Sunday, August 10, 2008

The Decline of the American Empire


It's all right there. Just know it and you can have it. Find it and you can take it. Regardless of the laws and the MPAA attempted crackdowns and preventative measures, it is all just sitting right there. What is the crime? The taking of music for free. Is it a crime to point out where someone can take something from? Well, lock up over half of the people online then. Who does downloading affect? The record industry for one, with dwindling sales across the board. Artists struggle to get a major label deal. Manufacturers losing ground as MP3's become the clear medium of choice. Can an artist still go platinum in a week? Yes, but the golden age (at 25$ a cd no less!!) is clearly gone. But that is just the business side of things as the industry is painfully slow to react to a movement that has already shown how things must change. In actuality, music and it's followers are at their zenith because all this bureaucracy bleeding in from what was once behind the scenes does not change the most important thing. The quality and quantity of the music.
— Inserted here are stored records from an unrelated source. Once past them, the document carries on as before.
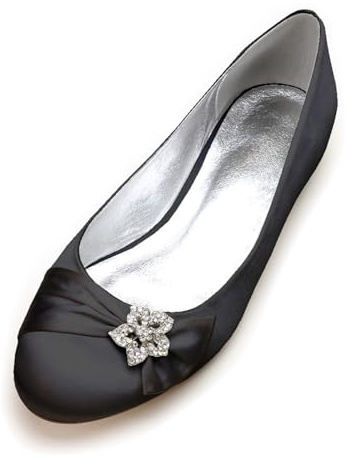 LRMYMHY Mujer Punta Redonda Satén Bailarinas sin Cordones Zapatos De Boda De Novia Planos con Diamantes De Imitación,Negro,37 EU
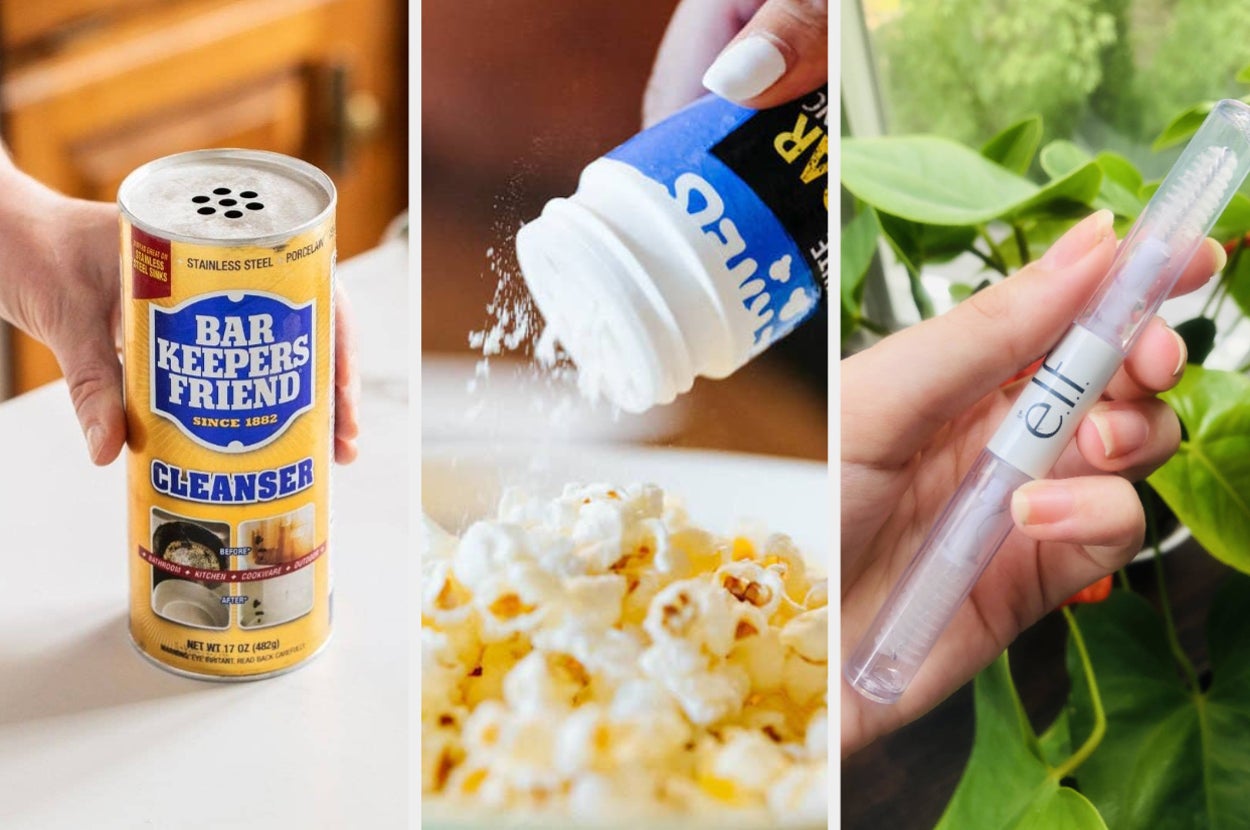 someone holding bar keepers friend, someone shaking popcorn topping onto popcorn, someone holding an elf brow gel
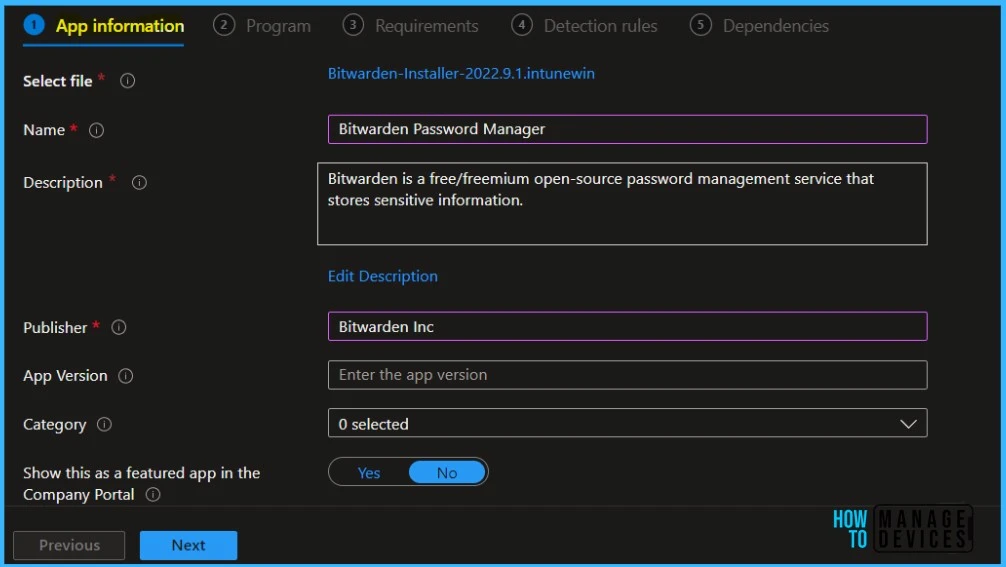 App Information - Deploy Bitwarden Password Manager using Intune 4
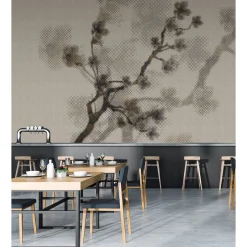 Fototapete Vlies Zweige Pixel taupe braun Premium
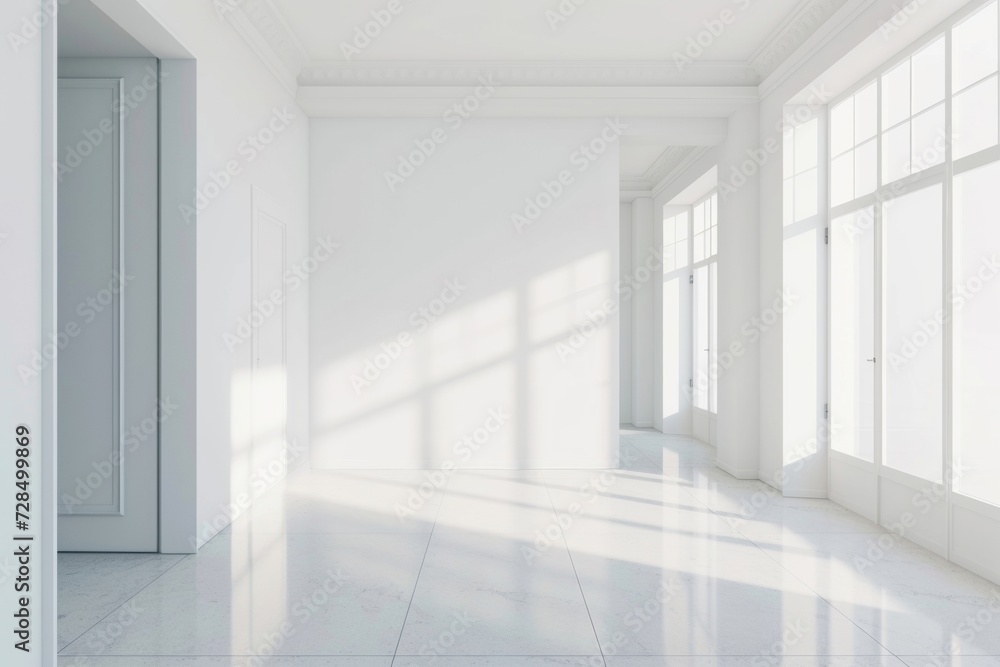 Obraz premium Create your masterpiece in this empty white room with a blank canvas poster mockup on the white wall, using our modern and neutral template to showcase your art.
From bloggers posting everything from artifact funk records to underground art rap to un-released CD's and live performances, there is more music available now then at any other time in history. And anybody with a computer and a song can make a track, post it and expose it to the masses. The masses are now the media. Truly anybody with the inclination to say something, now has a free soap box to preach from. Does this increase the amount of expendable music that we come across? Yes, but half the appeal to being an audiophile is the act of searching, sifting through the endless sleeves and re-releases, remixes and singles, just waiting for the song that blows you away until you find another hours later that tops it. The downloading and file sharing not only acts as screener, allowing the customer to listen to an entire cd before deciding whether it is worth their hard earned dollars or not, it more importantly acts as a guide. Leading us from songs and artists to entire genres we would never have come across if this advancement had never come to be. Often, due to the music industries hesitancy to embrace net music, file sharing does not get it's deserved recognition as the progress that it truly is.
If the music industry is in decline, then it is due to the fact they are holding on too firmly, too stubbornly, to methods that haven't just already walked out of the room. They've leapt out the window.

Cl8tN

7-11 / Dance The Slurp - Various Artists

2 comments:

Anonymous said...

Very true. Well written and right on point.

Richard Bruhn said...

If the music industry is in decline, it is due to the fact that they produce shite music.